The court of appeals rejected these arguments on the authority of State ex rel. Gerhardt v. Krehbiel (1974), 38 Ohio St.2d 90, 67 O.O.2d 92, 310 N.E.2d 251, Cleveland Elec. Illum. Co. v. Cleveland (1988), 37 Ohio St.3d 50, 524 N.E.2d 441, and Fuldauer v. Cleveland (1972), 32 Ohio St.2d 114, 61 O.O.2d 374, 290 N.E.2d 546. We concur.
The syllabus in Gerhardt states:
“Where a municipal charter prescribes the manner for the removal of municipal officers, any attempt by the municipality’s legislative body to remove an officer in a manner at variance or in conflict with the charter’s directives is a nullity.”

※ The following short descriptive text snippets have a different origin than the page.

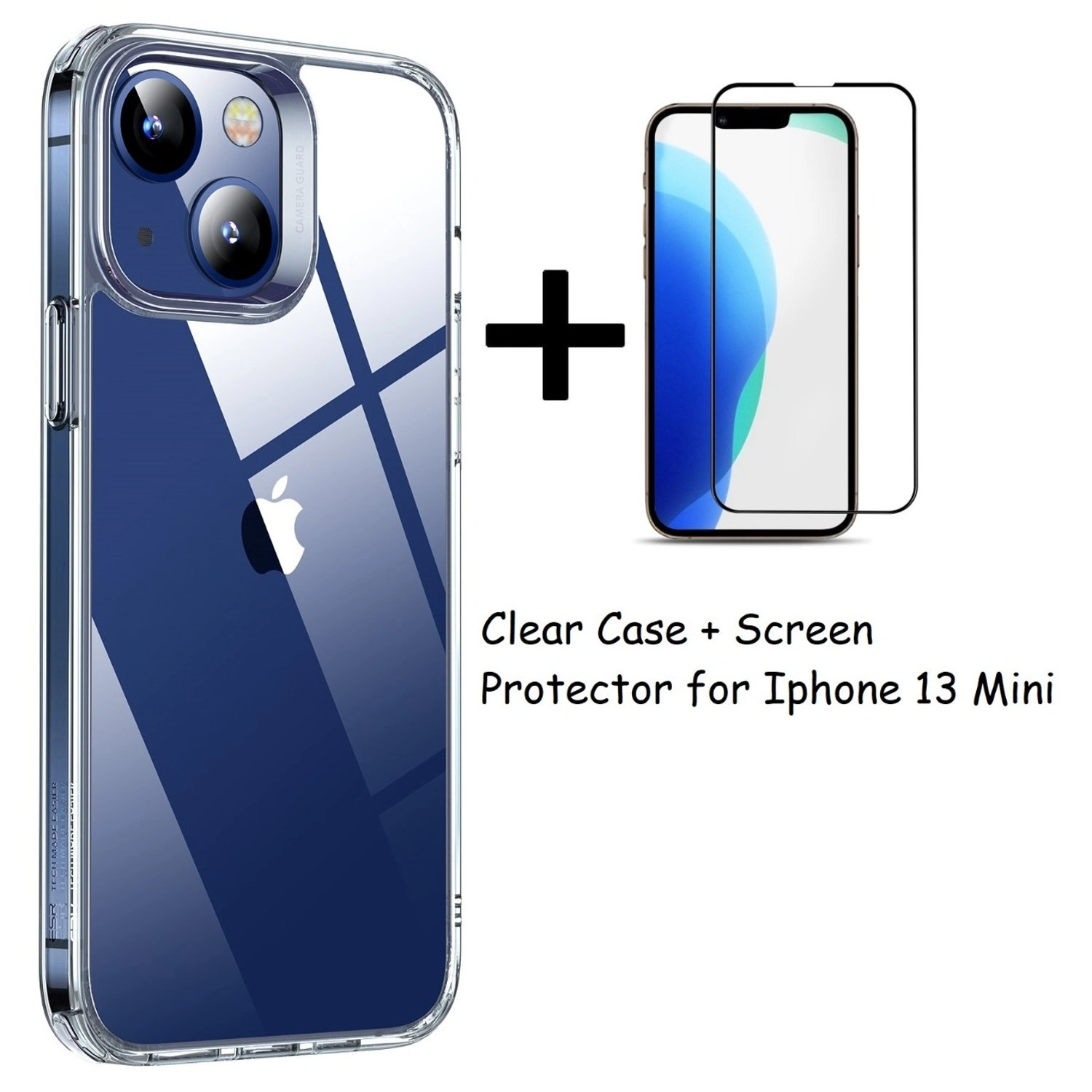 glassology 11683 CLR Case With Screen Protector for iPhone 13 mini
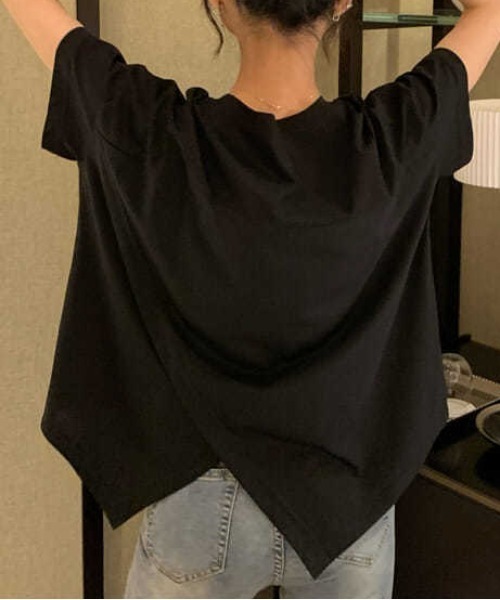 SHEPP(シープ)の「ドロストリボンバックスリットデザイントップス 半袖(Tシャツ/カットソー・レディース・ホワイト/ブラック・L/M)」の18枚目の写真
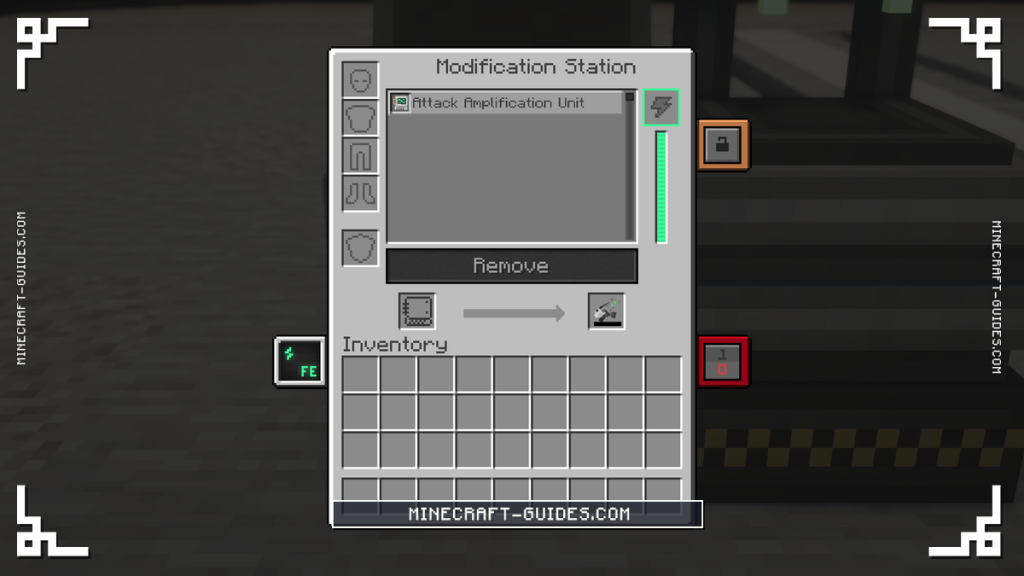 The Mekanism Modification Station screen listing an Attack Amplification Unit on a Meka-Tool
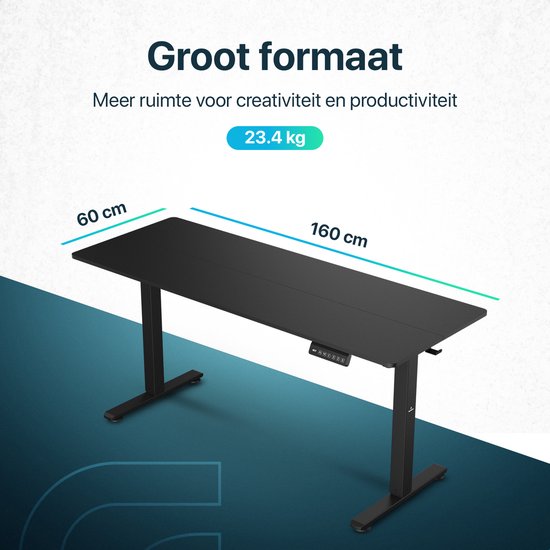 Zwart zit-sta bureau van 160 x 60 cm met een gewicht van 23,4 kg. "Groot formaat".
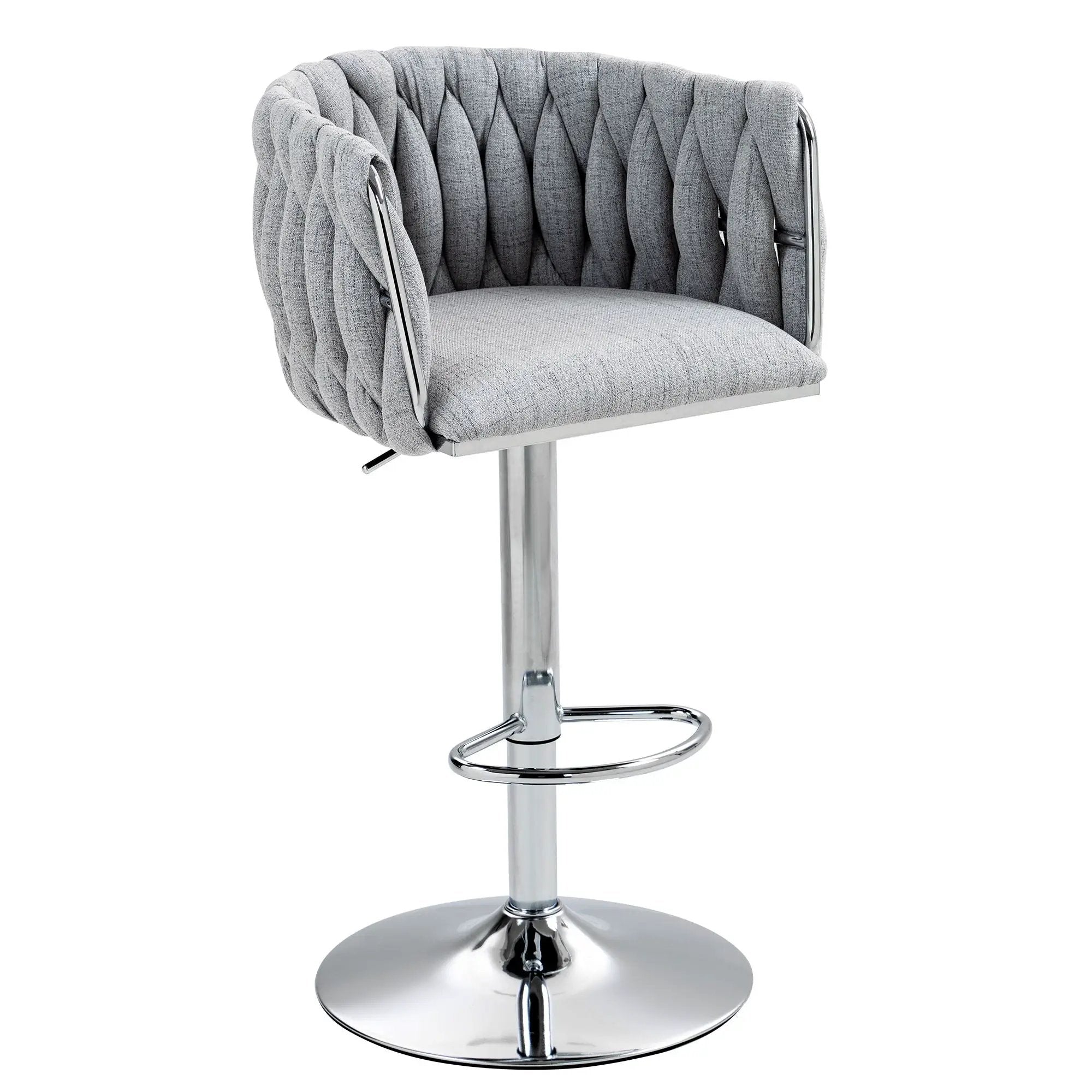 360 Degree Swivel Bar Stools Adjustable Counter Height Bar Chairs With Woven Back & Footrest, Silver Chromed Bar Stools For Kitchen Island (Set of 2) - Gray by HouseOfZazla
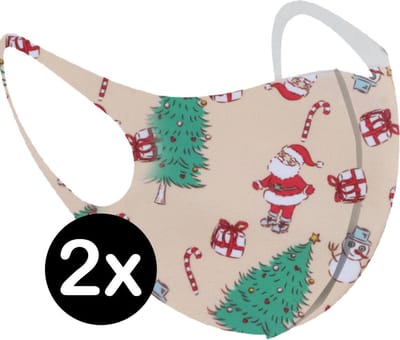 Mondkapje Wasbaar Kerst Mondmasker Mondkapjes Niet Medisch Creme - 2x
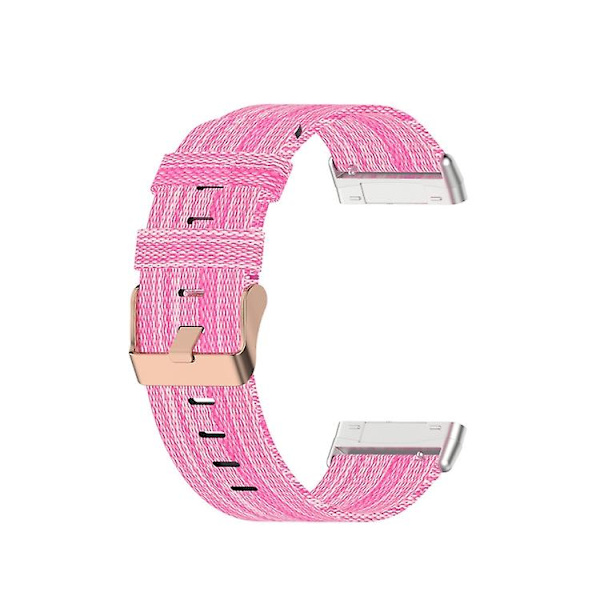 Til Fitbit Versa 4 / Sense 2 Universal Nylon Vævet Canvas Urrem VCU Pink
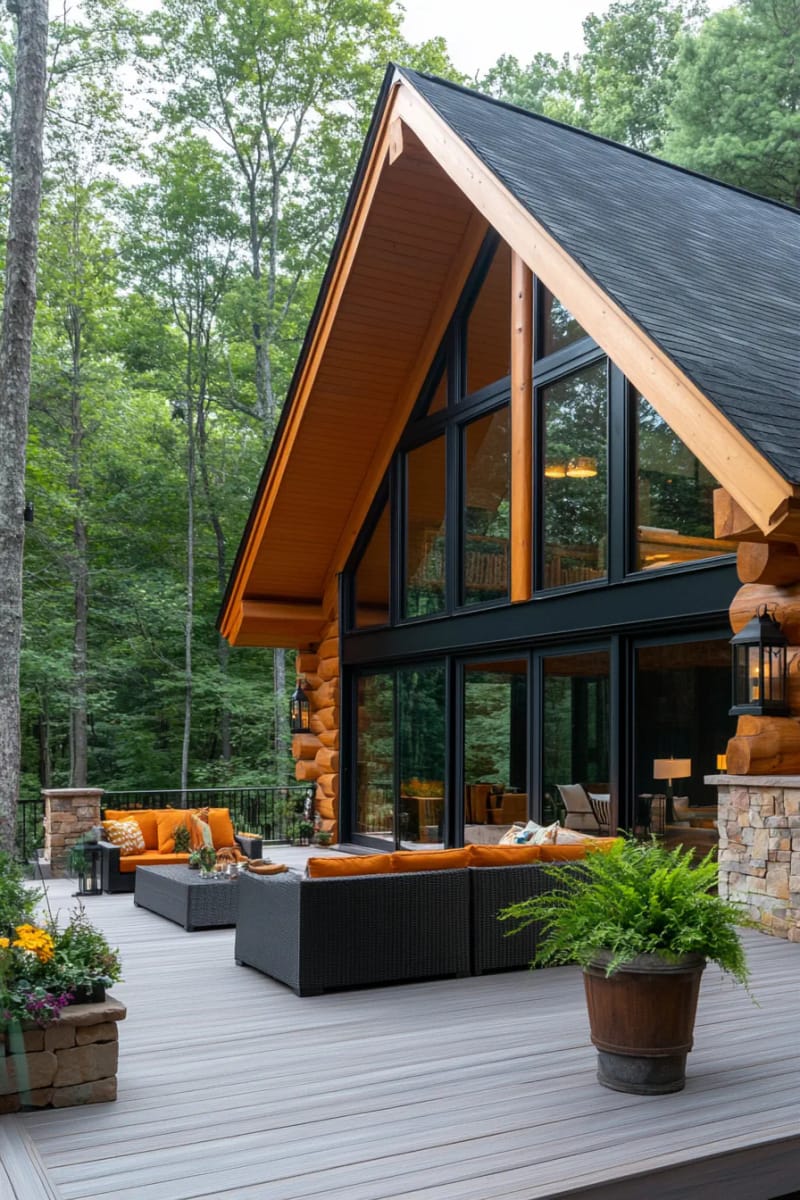 15 Fabulous Log Cabin Home Exterior Ideas You'll Love! 31 dramatic glass wall facing the forest, blending modern and log cabin styles 1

In Cleveland Elec. Illum., supra, at paragraph three of the syllabus, we said:
“In matters of construction, it is the duty of this court to give effect to the words used, not to delete words used or to insert words not used. (Columbus-Suburban Coach Lines v. Pub. Util. Comm. [1969], 20 Ohio St.2d 125, 127, 49 O.O.2d 445, 446, 254 N.E.2d 8, 9, followed.)”
In Fuldauer, supra, at 118, 61 O.O.2d at 376, 290 N.E.2d at 549, we said that the feasibility or wisdom of charter provisions is “not a matter for our consideration.”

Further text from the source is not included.